Non ci sono più i call center di una volta. Tu che chiami, che aspetti,
che presto o tardi trovi qualcuno, dall’altra parte del filo, con cui
litigare. Ora la tua banca, la società della luce, quella del cellulare
ti fanno scaricare la app, ti danno appuntamento su Facebook o al
massimo in chat. Siamo nell’era dell’assistenza
social.
Se
abbiamo un problema, la soluzione è su Internet, su Twitter o Facebook,
più che al telefono con il fornitore che ci stacca la corrente. Il
Garante Tlc si è accorto del fenomeno ed ora avverte: «Detteremo le
nostre regole su queste forme nuove, e delicate, di relazione con il
cliente».
Per mesi le aziende ci hanno osservati, in
silenzio. E si sono accorte che interpelliamo la Rete neanche fosse
l’oracolo di Delfi. In Internet uno sconosciuto — in una chat o su
Facebook — ci segnala tante volte la strada della salvezza. Se migliaia
di italiani se la cavano così, se questa caccia al tesoro piace, perché
non replicarla nel rapporto tra cliente e impresa? Così le aziende si
sono attrezzate. Oggi hanno tutte una pagina colorata su Facebook e
Twitter dove parlare agli utenti con tono scanzonato, da
ragazzo a ragazzo. Dove suggerire soluzioni e nuove offerte
commerciali. Dove pubblicità occulta, supporto al cliente e scherzi da
caserma si uniscono in una miscela finora inedita.
Poi
hanno creato le app, i bollini colorati che si scaricano sullo
smartphone. Oggi vostro figlio neanche si sogna di chiamare un call
center per chiedere il credito residuo della sua sim card, per ricordare
il piano tariffario. Le app, queste informazioni di base, le danno
appena le acquisisci, appena ti registri come cliente.
Certo,
ci sono servizi e servizi. C’è la sostanza e il folclore. Nel suo
saggio sul “Call center management”, Brad Cleveland cita con emozione il
caso della Usaa. L’austera banca dei militari statunitensi è stata tra
le prime al mondo a permettere — grazie alla app — l’impensabile. Prendi
l’assegno del tuo inquilino; lo fotografi con il cellulare;
quindi lo spedisci alla Usaa, che te lo accredita sul conto. Non sono
tanti gli istituti italiani che si spingono a tanto. Ma la nostra Abi
può comunque vantare «oltre 2 milioni di scambi tra cliente e filiali
nel 2102», attraverso chat ed e-mail.
Il Garante Tlc, dunque, si prepara a dire la sua. Primo dubbio. Il nuovo
call center è un’invenzione perfetta per giovani e adulti digitali.
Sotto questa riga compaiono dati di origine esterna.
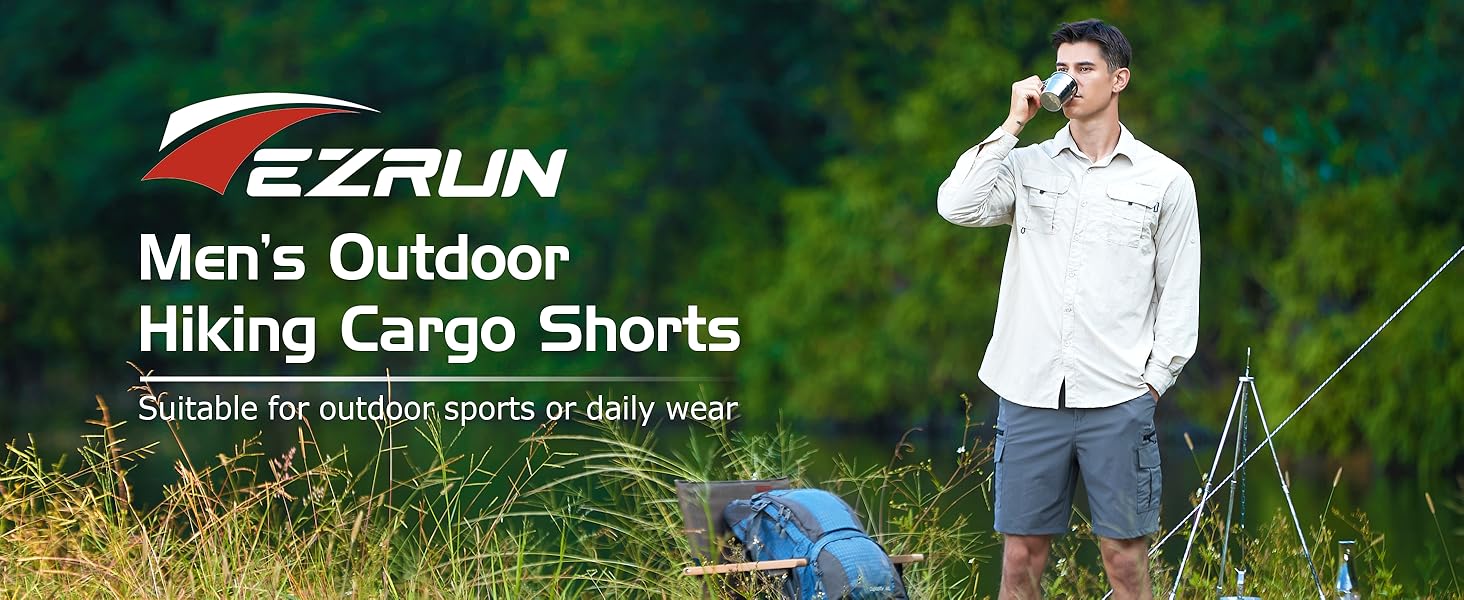 hiking golf shorts for men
Molto meno per gli anziani. Un certo pezzo d’Italia ha ancora bisogno di
un numero di telefono e di persona alla quale affidarsi. Qui le aziende
diventano indisponibili. Spesso chiami il numero per l’assistenza e non
puoi parlare subito con l’operatore. Sei costretto a una
prenotazione.
Sarà poi il call center, quando è comodo, a richiamare. Al Garante
raccontano, ancora: «Un utente riceve una bolletta gonfiata. Va in
Internet, entra in chat con l’operatore, quindi invia un messaggio che
ha la bolletta contestata, come allegato. Da quel momento, diciamo noi,
il cliente formalizza la contestazione. La società, dunque, non potrà dire di non aver ricevuto alcun reclamo. Perché questo valga, serve la tracciabilità della conversazione».
La
tracciabilità non rappresenta un problema per le aziende, che non
cancellano i dialoghi con i loro clienti. Al contrario, conservano e
studiano ormai questa enorme massa di dati, perché utili al lancio di
nuovi prodotti. Per studiare questi dati servono software adeguati. Come
“Idol”, della società inglese Autonomy. Che scandaglia i blog, i social
network, i forum. Che interpreta le parole; e comprende anche il
dialetto. Inclusi gli insulti, da buona sentinella digitale.